Address correspondence to Conly L. Rieder, Lab of Cell Regulation, Division of Molecular Medicine, Wadsworth Center, P.O. Box 509, Albany, NY 12201-0509. Tel.: (518) 474-6774. Fax: (518) 486-4801. email: Rieder{at}Wadsworth.org

When early prophase PtK₁ or Indian muntjac cells are exposed to topoisomerase II (topo II) inhibitors that induce little if any DNA damage, they are delayed from entering mitosis.

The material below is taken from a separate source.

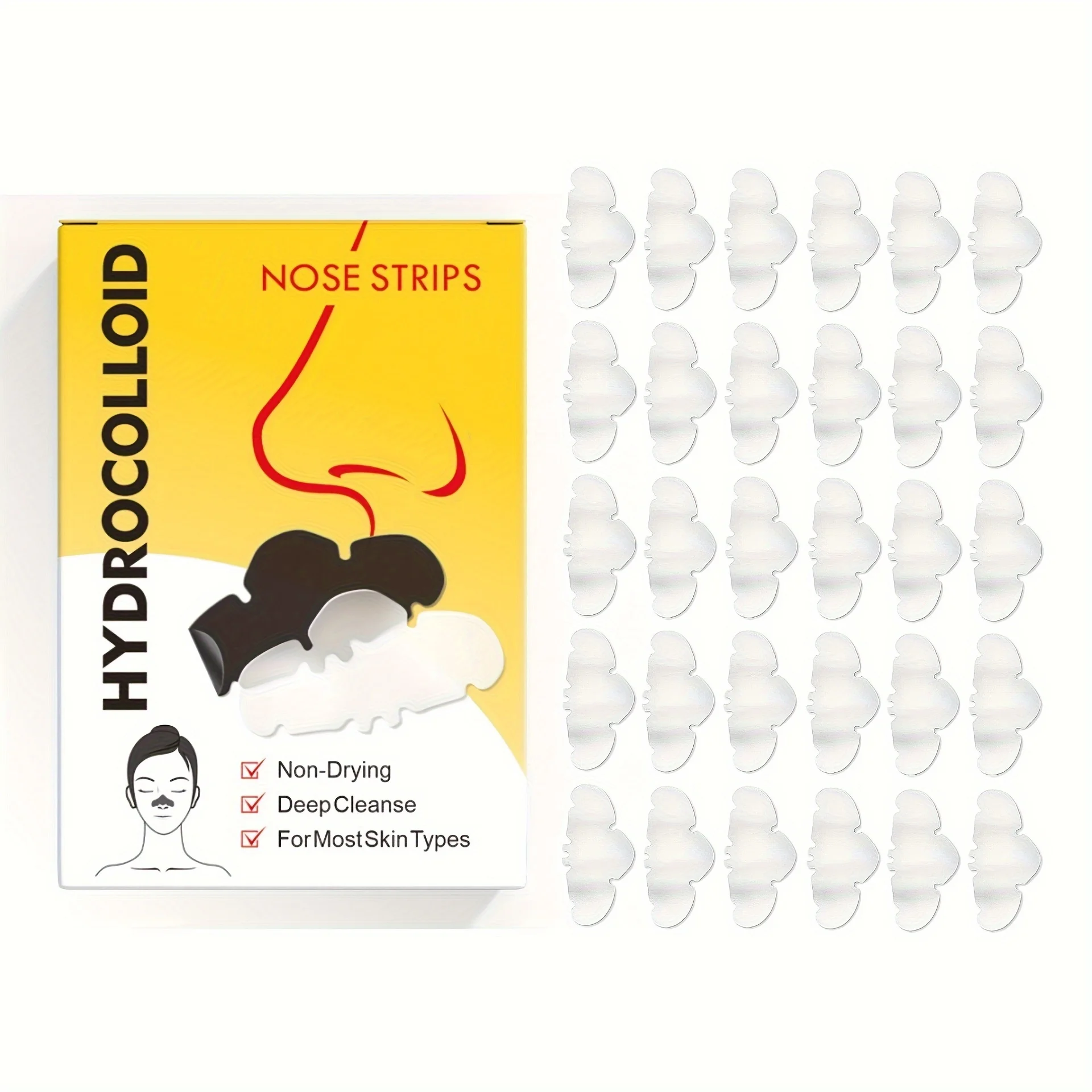 1 قطعة ملصق أنف، ملصق حب الشباب خفيف وغير مزعج، يغطي عيوب حب الشباب، مقاوم للماء وجيد التهوية.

We show that this delay is overridden by inhibiting the p38, but not the ATM, kinase. Treating early prophase cells with hyperosmotic medium or a histone deacetylase inhibitor similarly delays entry into mitosis, and this delay can also be prevented by inhibiting p38. Together, these results reveal that agents or stresses that induce global changes in chromatin topology during G2 delay entry into mitosis, independent of the ATM-mediated DNA damage checkpoint, by activating the p38 MAPK checkpoint. The presence of this pathway obviates the necessity of postulating the existence of multiple "chromatin modification" checkpoints during G2. Lastly, cells that enter mitosis in the presence of topo II inhibitors form metaphase spindles that are delayed in entering anaphase via the spindle assembly, and not the p38, checkpoint.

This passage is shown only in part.